Extracted data:
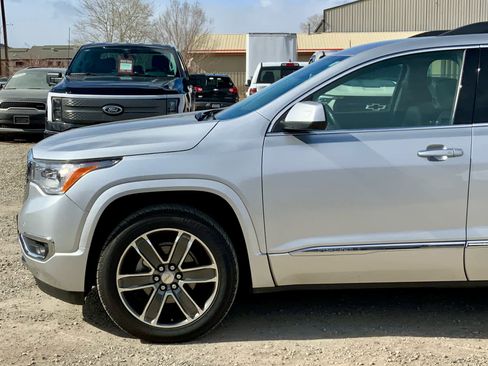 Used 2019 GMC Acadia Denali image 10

==

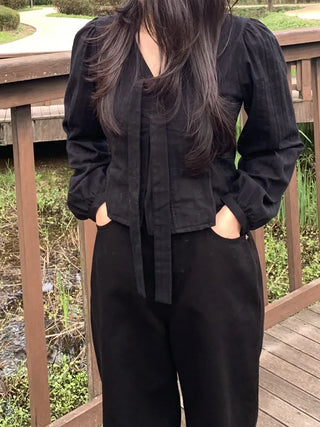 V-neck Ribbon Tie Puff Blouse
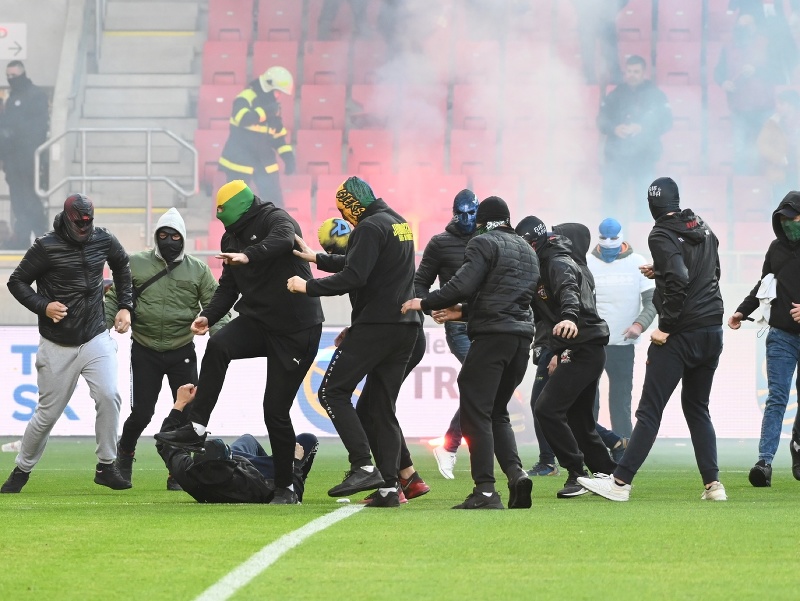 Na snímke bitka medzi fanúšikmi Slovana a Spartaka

---

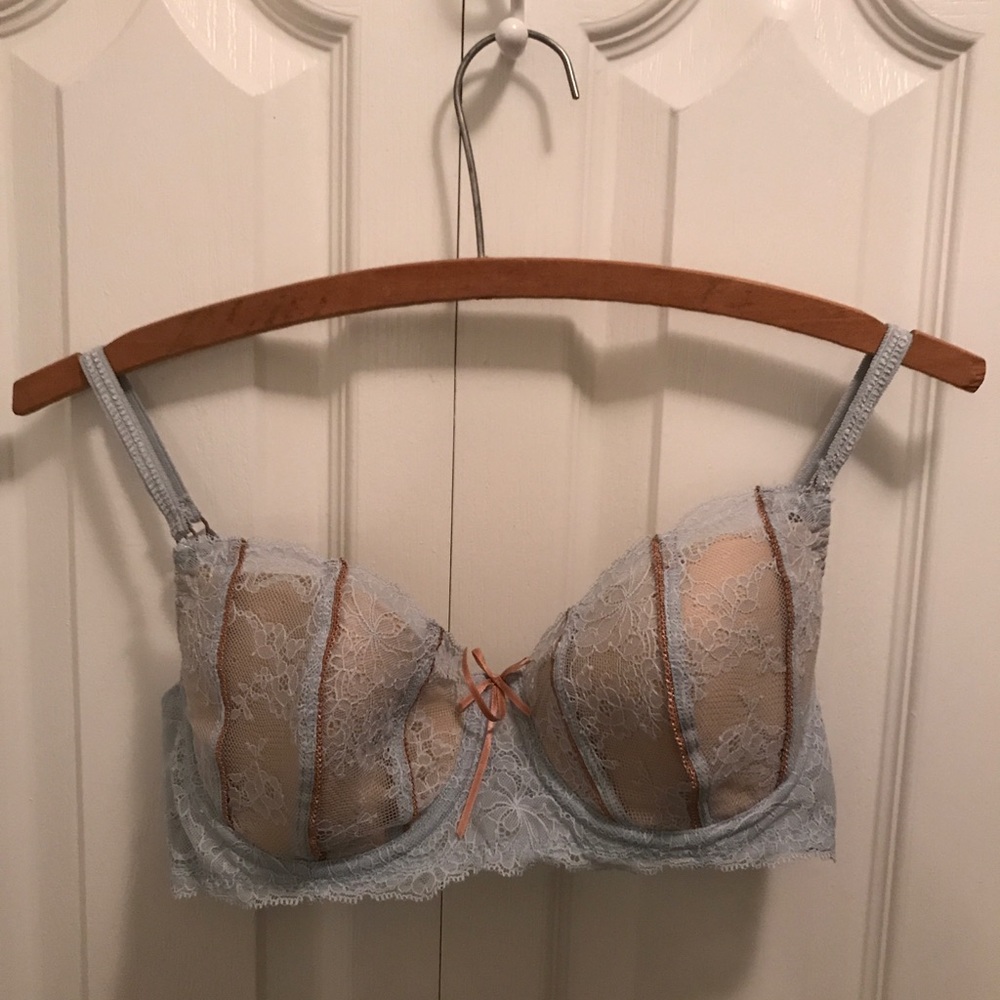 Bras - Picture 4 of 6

Exercise:
Leaving all pictures out, output exactly the lines of the material above from the line with "V-neck Ribbon Tie Puff Blouse" to the line with "Na snímke bitka", both included.

Exercise result:
 V-neck Ribbon Tie Puff Blouse
 Na snímke bitka medzi fanúšikmi Slovana a Spartaka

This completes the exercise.